= Required action =
Repeat the records below exactly from the line containing "Space (White/Light Gray+Black)" to the line containing "SKL Home Farmhouse", taking in both of those lines. Drop the pictures.

= Records shown =
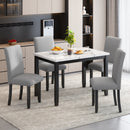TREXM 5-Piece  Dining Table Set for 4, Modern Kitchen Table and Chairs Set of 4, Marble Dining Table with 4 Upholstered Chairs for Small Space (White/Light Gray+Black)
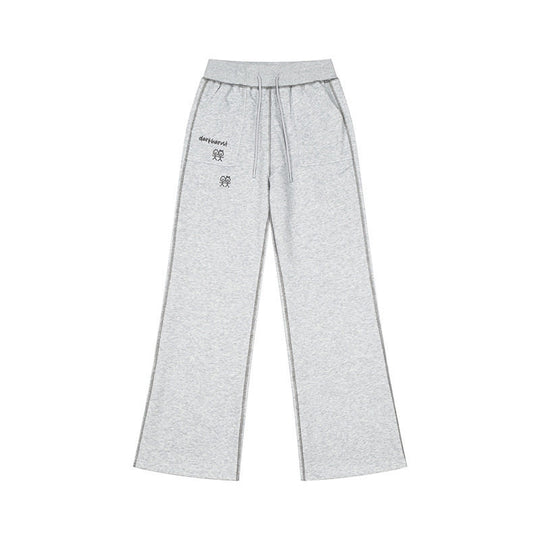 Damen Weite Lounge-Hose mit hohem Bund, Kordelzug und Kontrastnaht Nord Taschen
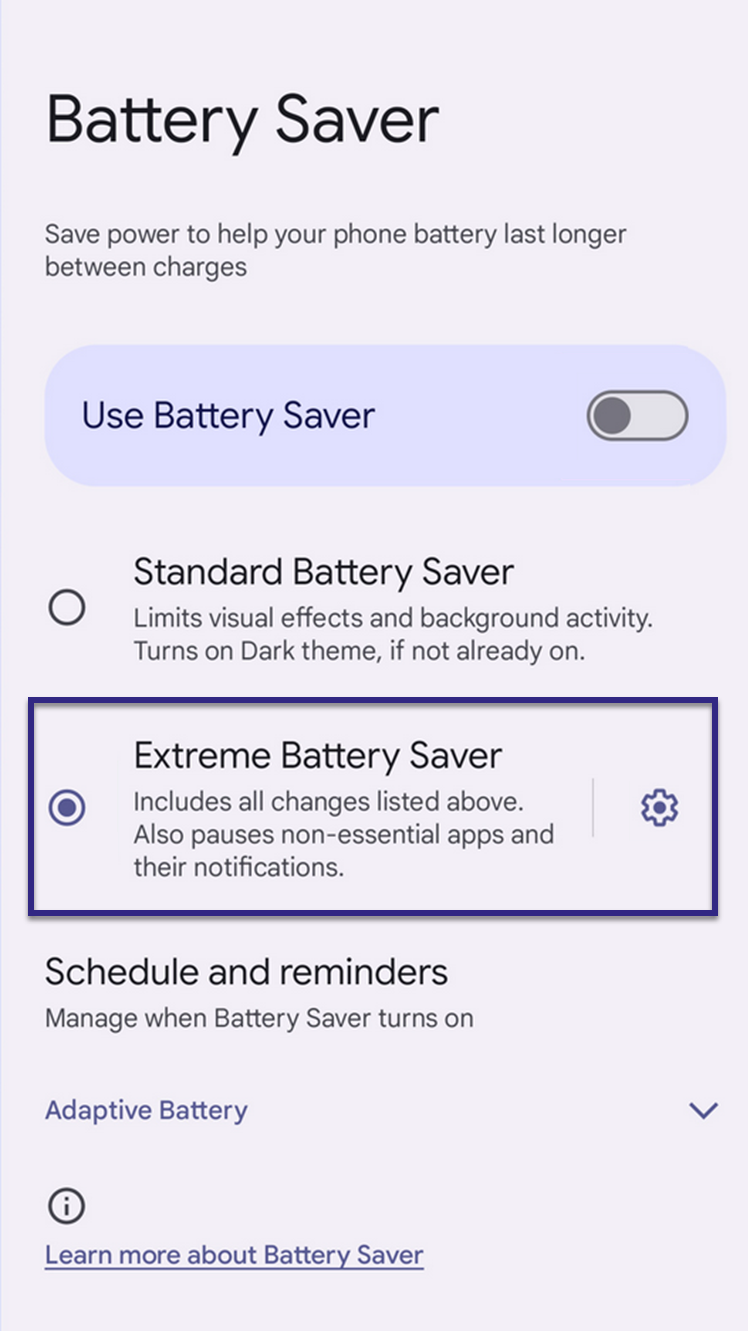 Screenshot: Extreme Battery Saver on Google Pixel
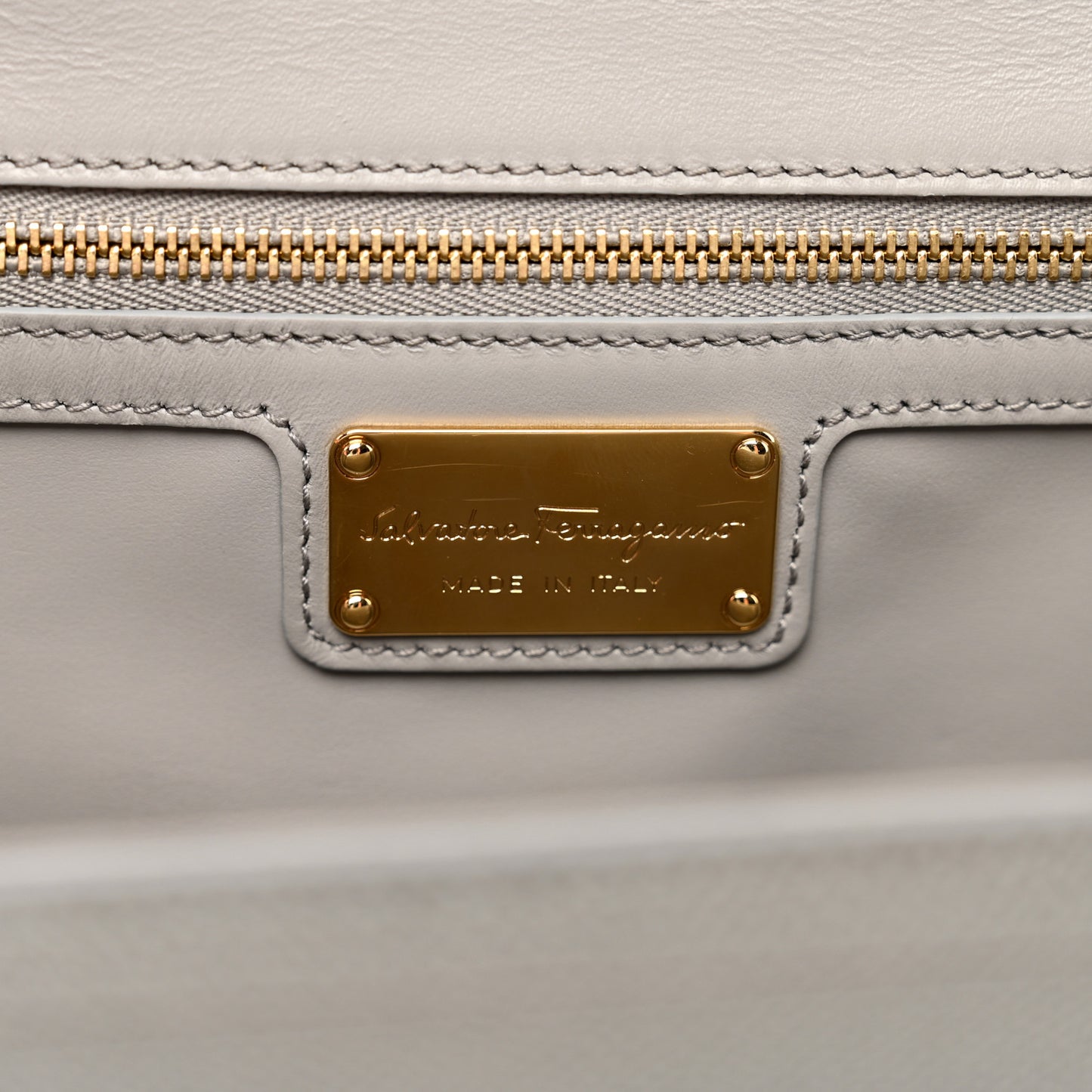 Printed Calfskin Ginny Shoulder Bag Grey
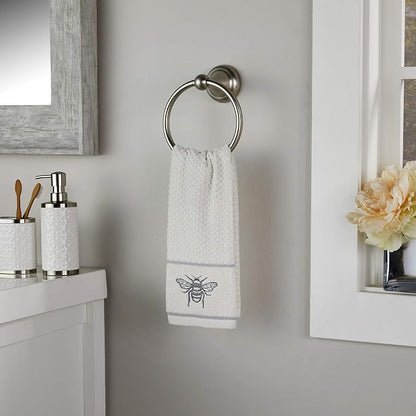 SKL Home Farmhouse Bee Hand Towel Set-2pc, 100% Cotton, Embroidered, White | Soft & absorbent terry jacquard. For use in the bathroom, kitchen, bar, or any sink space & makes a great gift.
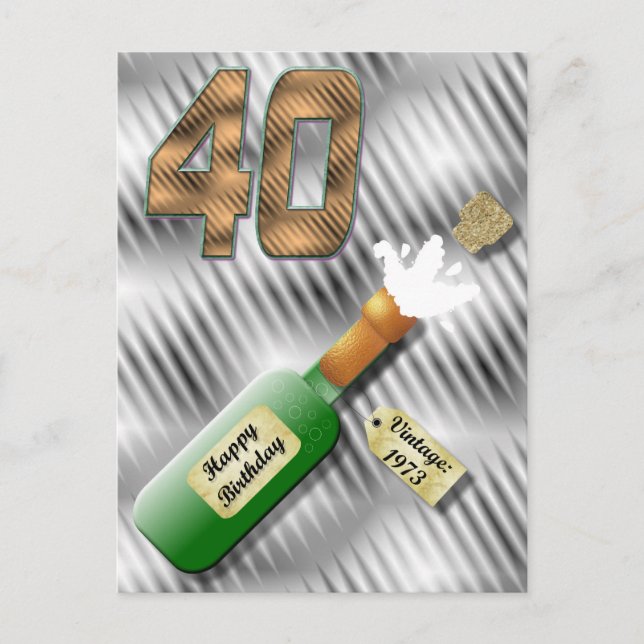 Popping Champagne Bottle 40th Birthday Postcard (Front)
---
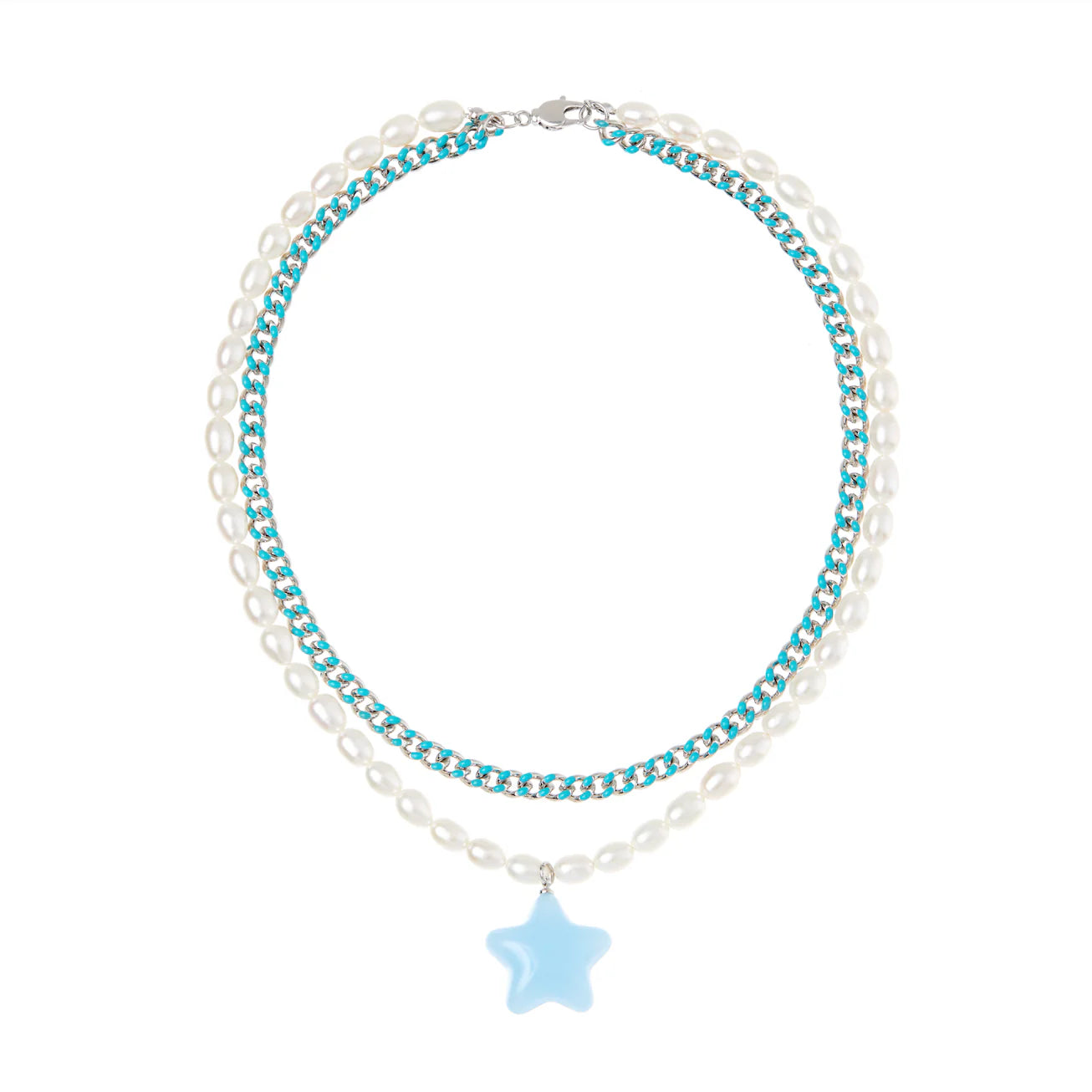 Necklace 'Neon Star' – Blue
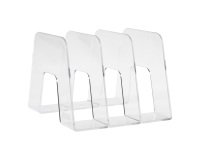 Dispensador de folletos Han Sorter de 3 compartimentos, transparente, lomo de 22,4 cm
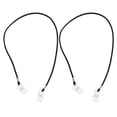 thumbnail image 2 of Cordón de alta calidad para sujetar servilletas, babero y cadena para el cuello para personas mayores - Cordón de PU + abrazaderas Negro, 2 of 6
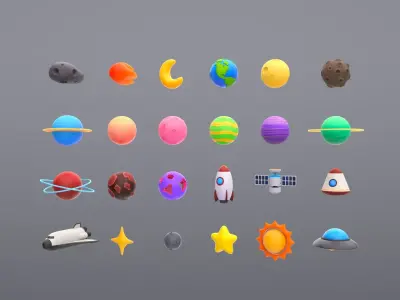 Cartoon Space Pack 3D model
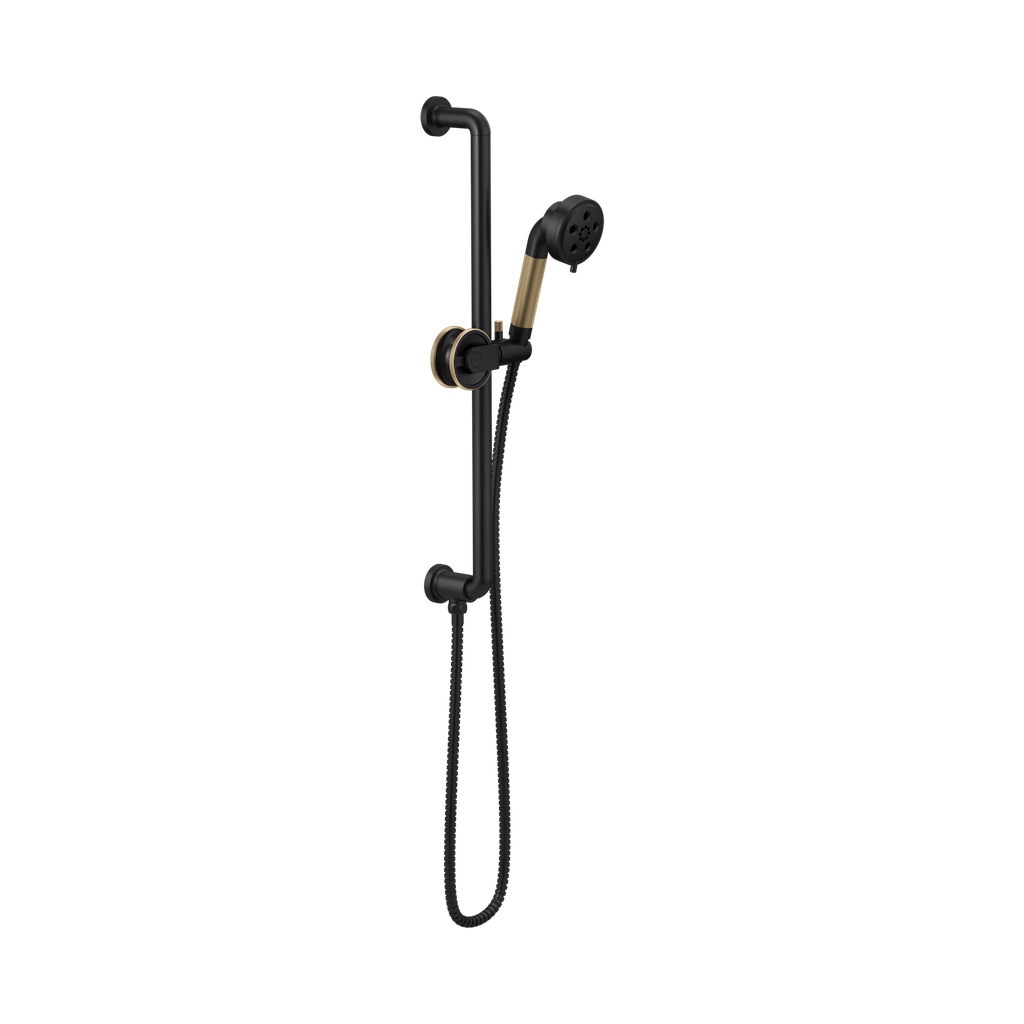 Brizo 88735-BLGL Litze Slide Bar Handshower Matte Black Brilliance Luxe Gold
...
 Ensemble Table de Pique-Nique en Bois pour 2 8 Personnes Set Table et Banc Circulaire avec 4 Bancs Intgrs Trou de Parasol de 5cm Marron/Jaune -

= Your response =
TREXM 5-Piece  Dining Table Set for 4, Modern Kitchen Table and Chairs Set of 4, Marble Dining Table with 4 Upholstered Chairs for Small Space (White/Light Gray+Black)
 Damen Weite Lounge-Hose mit hohem Bund, Kordelzug und Kontrastnaht Nord Taschen
 Screenshot: Extreme Battery Saver on Google Pixel
 Printed Calfskin Ginny Shoulder Bag Grey
 SKL Home Farmhouse Bee Hand Towel Set-2pc, 100% Cotton, Embroidered, White | Soft & absorbent terry jacquard. For use in the bathroom, kitchen, bar, or any sink space & makes a great gift.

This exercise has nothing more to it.